It's impossible to respond adequately to that level of mendacity. If she were smart enough to understand why that is bad punditry, she would be smart enough not to write such garbage. But underlying the nonsense is a common mindset about rural America that I find infinitely more offensive than Barack Obama's throwaway line about clinging to guns and religion.
The mindset blares through what Coulter says about Jon Tester:
One of the Democrats' paragons of regular guy-ness that year was Jon Tester of Montana, who wore cowboy boots and had a buzz cut. The crew cut absolutely transfixed liberals in places like Manhattan. Search "Jon Tester and crew cut" on Google, and you'll get more than 200,000 hits. Even this tonsorial affectation was a liberal fake-out, inasmuch as Tester has no military service.
After campaigning throughout Montana in a pickup truck, Tester got to Washington and compiled a voting record more liberal than Chuck Schumer's, according to the liberal Americans for Democratic Action (Tester: 95 percent; Schumer: 90 percent). Tester also has a 100 percent rating from the pro-abortion group NARAL. There's your truck driving, gun-totin' Democrat.
Look at the range of unexamined assumptions:
1. Liberals can't be "regular guys."
2. Tester was popular only in East Coast liberal havens (I'm guessing she didn't mean Manhattan, Montana).
3. Only soldiers wear crew cuts.
4. "Truck driving, gun-toting" Westerners are all conservatives.
5. Either that, or they are faking it (as if nobody here knew Tester favored abortion rights).
One reason I like living in small towns and in places like Billings (and, for similar reasons, conservative strongholds like Bryan and Palestine, Texas) is that life there forces you to confront people on their own terms. City folk are all but obligated to lump people together in handy categories or they risk being overwhelmed by the sheer complexity of it all.
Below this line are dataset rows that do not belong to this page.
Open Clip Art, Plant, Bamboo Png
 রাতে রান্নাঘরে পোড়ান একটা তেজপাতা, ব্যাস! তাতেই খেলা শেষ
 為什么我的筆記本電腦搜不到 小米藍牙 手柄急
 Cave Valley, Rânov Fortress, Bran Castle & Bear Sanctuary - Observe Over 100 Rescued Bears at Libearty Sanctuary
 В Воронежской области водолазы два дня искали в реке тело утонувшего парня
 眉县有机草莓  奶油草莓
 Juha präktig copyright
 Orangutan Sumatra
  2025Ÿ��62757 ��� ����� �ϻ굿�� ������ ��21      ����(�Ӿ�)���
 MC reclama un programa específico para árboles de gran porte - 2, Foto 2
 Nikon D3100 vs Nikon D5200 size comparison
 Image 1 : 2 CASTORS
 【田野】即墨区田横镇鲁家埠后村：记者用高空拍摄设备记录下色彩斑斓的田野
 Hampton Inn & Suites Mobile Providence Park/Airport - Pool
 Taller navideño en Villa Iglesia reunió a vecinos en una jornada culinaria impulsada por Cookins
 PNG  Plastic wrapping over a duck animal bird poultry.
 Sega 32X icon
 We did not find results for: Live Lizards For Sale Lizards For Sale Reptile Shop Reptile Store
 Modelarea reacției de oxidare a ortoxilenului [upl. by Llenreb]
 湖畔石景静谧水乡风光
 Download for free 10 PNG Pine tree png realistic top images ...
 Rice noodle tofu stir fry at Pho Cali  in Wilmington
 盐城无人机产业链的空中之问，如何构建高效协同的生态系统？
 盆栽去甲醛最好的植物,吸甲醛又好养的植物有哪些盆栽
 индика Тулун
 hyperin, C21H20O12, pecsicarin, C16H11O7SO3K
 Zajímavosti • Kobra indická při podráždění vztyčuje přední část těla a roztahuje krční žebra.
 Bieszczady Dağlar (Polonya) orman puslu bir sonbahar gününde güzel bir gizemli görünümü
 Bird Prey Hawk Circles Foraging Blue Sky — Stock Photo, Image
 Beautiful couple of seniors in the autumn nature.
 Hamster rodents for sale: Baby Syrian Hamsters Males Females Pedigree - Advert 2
But people in conservative-leaning towns lack the luxury of willful ignorance. That's why it no longer surprises me to play pool against a Texan in cowboy boots and checkered shirt and learn that he is an artist and a college professor. Or to find a cowboy poet rancher who worries about global warming. Or to find scholars who get together to play fiddle, guitar and harmonica on weekends. Or to find a truck-driving, gun-toting air conditioner repairman who harbors socialist leanings and a weakness for Dostoevsky. Or a buttoned-down, libertarian copy editor who once dressed as a nun and played in an anarchist band that wrote songs celebrating the assassination of John F. Kennedy.
Wake up, Ann. It's a much more interesting world out there than you have ever suspected.